Quasi ogni pagina dei Pensieri di Marco Aurelio ci stupisce e ci edifica con perle di saggezza morale e spirituale come queste che abbiamo appena letto. E che ci dimostrano come la fama dell’imperatore filosofo, universalmente riconosciuto come uno degli spiriti più alti della romanità e anzi di tutta la storia, non sia usurpata. Ma allora come mai un simile personaggio, vicino ai più grandi moralisti e scrittori spirituali di ogni tempo, inclusi i cristiani, e coerente lui per primo con quanto scriveva, stando alle fonti storiche; come mai, dico, un personaggio così etico ha potuto perseguitare i cristiani con intensità e continuità – come ci dicono i manuali di storia antica e di patristica, e prima di tutto i testimoni contemporanei –, calpestando non solo la libertà religiosa ma anche quelli che oggi chiamiamo i diritti umani? Imperatori mediocri in confronto a lui, come Caracalla o Gallieno, vissuti un secolo dopo, lasciarono in pace i cristiani e a volte restituirono loro le chiese e i beni confiscatigli dai predecessori. Per non parlare dei tre grandi che regnarono prima di Marco, e che quindi avrebbero dovuto ispirarlo in tale materia, Traiano, Adriano e Antonino Pio, che a differenza del loro successore non sono ricordati come persecutori ma, specie i primi due, come legislatori che, pur non simpatizzando col cristianesimo, cercarono di regolarne con una certa equità e moderazione i rapporti con lo stato romano.
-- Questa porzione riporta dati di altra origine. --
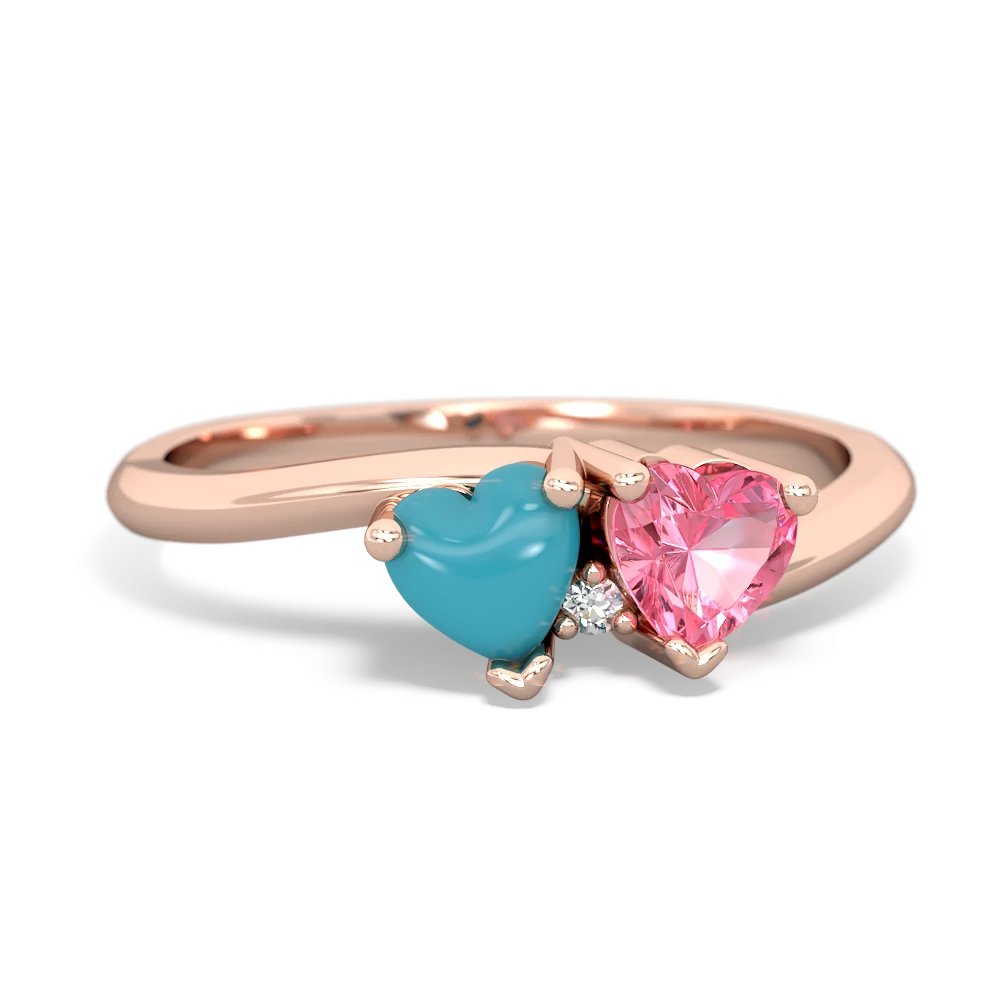 Turquoise Sweethearts 14K Rose Gold ring R5260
Marco Aurelio perché non fece lo stesso, e mentre scriveva le sue sublimi massime i cristiani venivano decapitati, crocifissi, arsi vivi e incornati dai tori nelle arene dell’impero? L’Augusto era al corrente di quegli eccìdi? Era stato lui a ordinarli? Se non fermò gli assassini, fu perché non voleva? o magari non poteva? Per quali ragioni, insomma, si astenne dall’intervenire? Sono domande difficili e imbarazzanti della storia romana, e cristiana. L’enigma è arduo e inquietante. Questo libro è stato scritto per provare a rispondere e a far luce in quel buio (apparentemente) impenetrabile. Nel solo modo possibile, ossia con un approccio graduale e articolato a tutti gli attori di questo dramma assurdo, agli interlocutori di un dialogo mancato: o meglio a senso unico, come vedremo, tra le vittime inascoltate e un potere che avrebbe tardato più di un secolo a capire, a emendarsi e a includere.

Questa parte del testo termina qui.